Relation $ab=cd$ in $\mathbb{Z}$(UFD) with $a$ and $c$ coprime.

Question

Why if $15x=-19y$ where $x$ and $y$ are integers, this means that there is an integer t such that x=-19t and y=15t. I think it has something to do with the fact that $\mathbb{Z}$ is a UFD, but I can't understand why.

Answer 1

You have Gauß'lemma (generalisation of Euclid's lemma):

If an integer $a$ divides $bc$ ($b,c\in\mathbf Z$) ans if $a$ and $b$ are coprime, then $a$ divides $c$.

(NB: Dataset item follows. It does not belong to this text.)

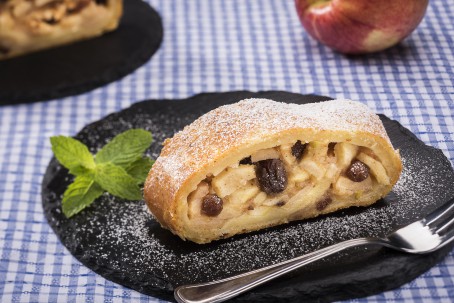 Apfelstrudel mit Topfenteig - Auf einem blau-weiß-karriertem Tischtuch steht eine schwarze runde Schieferplatte. Darauf befindet sich ein Stück Apfelstrudel. Die Apfelstücke und Rosinen sind deutlich zu erkennen. (Foto: VrK/Alexander Stiegler - Nicht zur freien Verwendung)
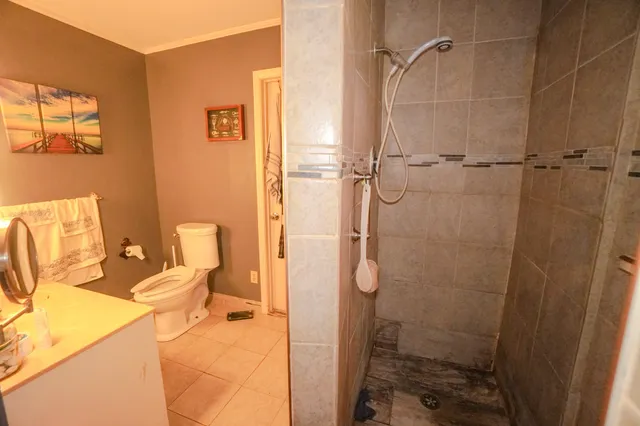 a room with wooden floor and a window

Naturally, this is valid in any U.F.D.

Answer 2

You have $$15x =- 19y$$ where $x$ and $y$ are integers.

Well since $15|15x$ it has to divide $-19y$ and since $15$ and $-19$ are relatively prime, $15$ has to divide $y$.

That is $y=15t$

Now if you plug $y=15t$ in your original equation and divide both sides by $15$ you will find that $x=-19t$

Answer 3

Yes, discarding the trivial case $\,x =0\iff y=0\,$ we can write it fractionally as

$$\dfrac{x}y = \dfrac{-19\ \ }{15}\iff \begin{align} &x = -9n\\ &y =\ 15n\end{align}\ \ \text{ for some integer } n$$

This property - well known since grade school - remains true if we replace $-19/15\,$ by any other irreducible fraction. A proof follows easily from existence and uniqueness or prime factorizations (UFD) or closely related results such as Euclid's Lemma, Four Number Theorem, etc. It is sometimes called unique fractionization. See this answer for further discussion.